• _Data_
__________________________________________________

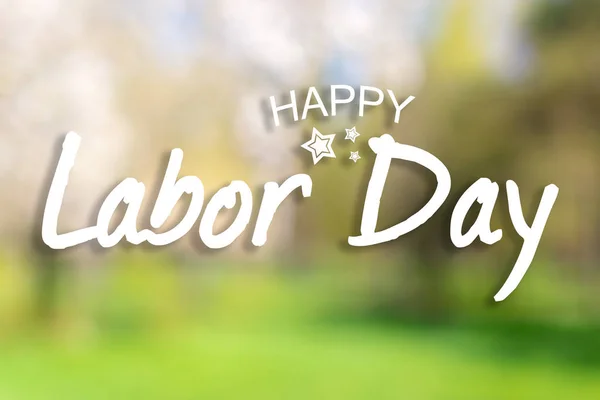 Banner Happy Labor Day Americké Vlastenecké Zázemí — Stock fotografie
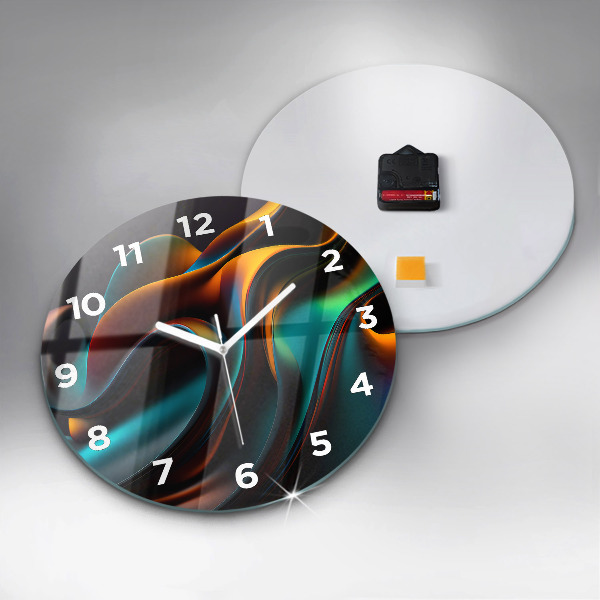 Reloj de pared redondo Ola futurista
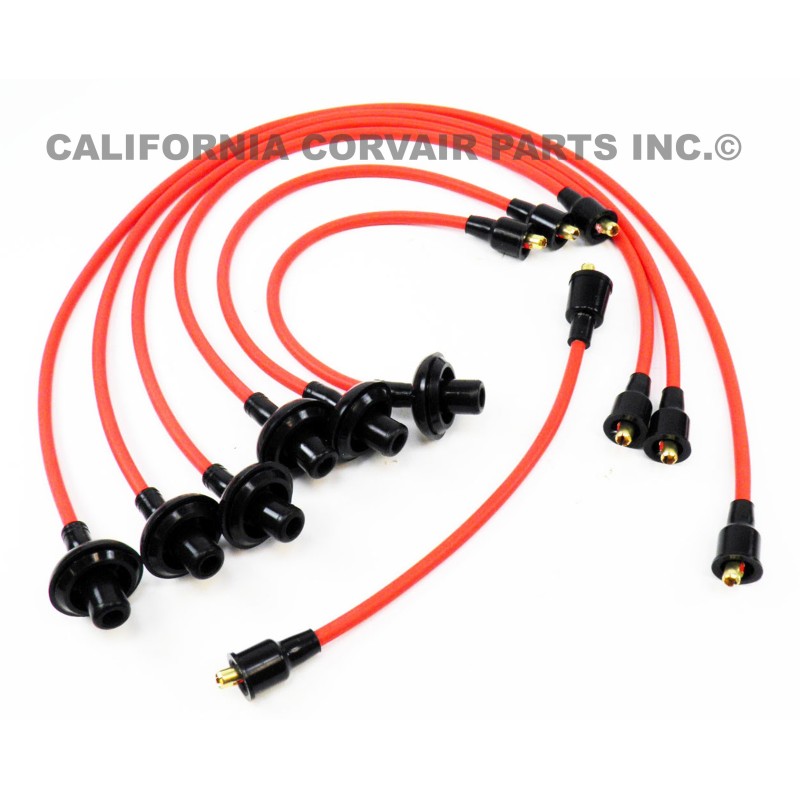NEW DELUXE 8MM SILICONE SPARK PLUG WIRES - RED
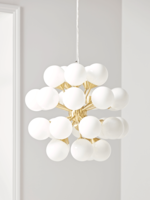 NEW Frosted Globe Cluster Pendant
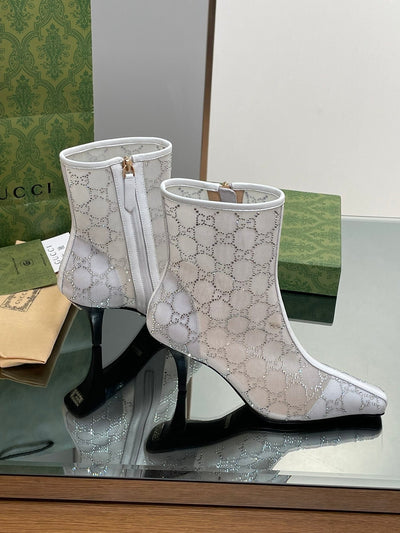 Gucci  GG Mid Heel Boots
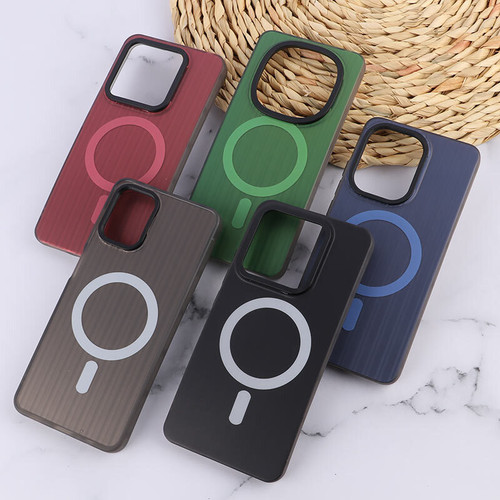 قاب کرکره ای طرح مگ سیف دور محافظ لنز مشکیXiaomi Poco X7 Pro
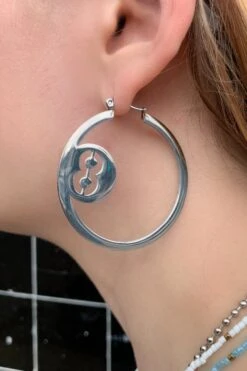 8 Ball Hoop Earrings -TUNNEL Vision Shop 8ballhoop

__________________________________________________

• _What the task requires_
Give the data above again, exactly and completely. No pictures go in.

• _Answer for the task_
 Banner Happy Labor Day Americké Vlastenecké Zázemí — Stock fotografie
 Reloj de pared redondo Ola futurista
NEW DELUXE 8MM SILICONE SPARK PLUG WIRES - RED
 NEW Frosted Globe Cluster Pendant
 Gucci  GG Mid Heel Boots
 قاب کرکره ای طرح مگ سیف دور محافظ لنز مشکیXiaomi Poco X7 Pro
 8 Ball Hoop Earrings -TUNNEL Vision Shop 8ballhoop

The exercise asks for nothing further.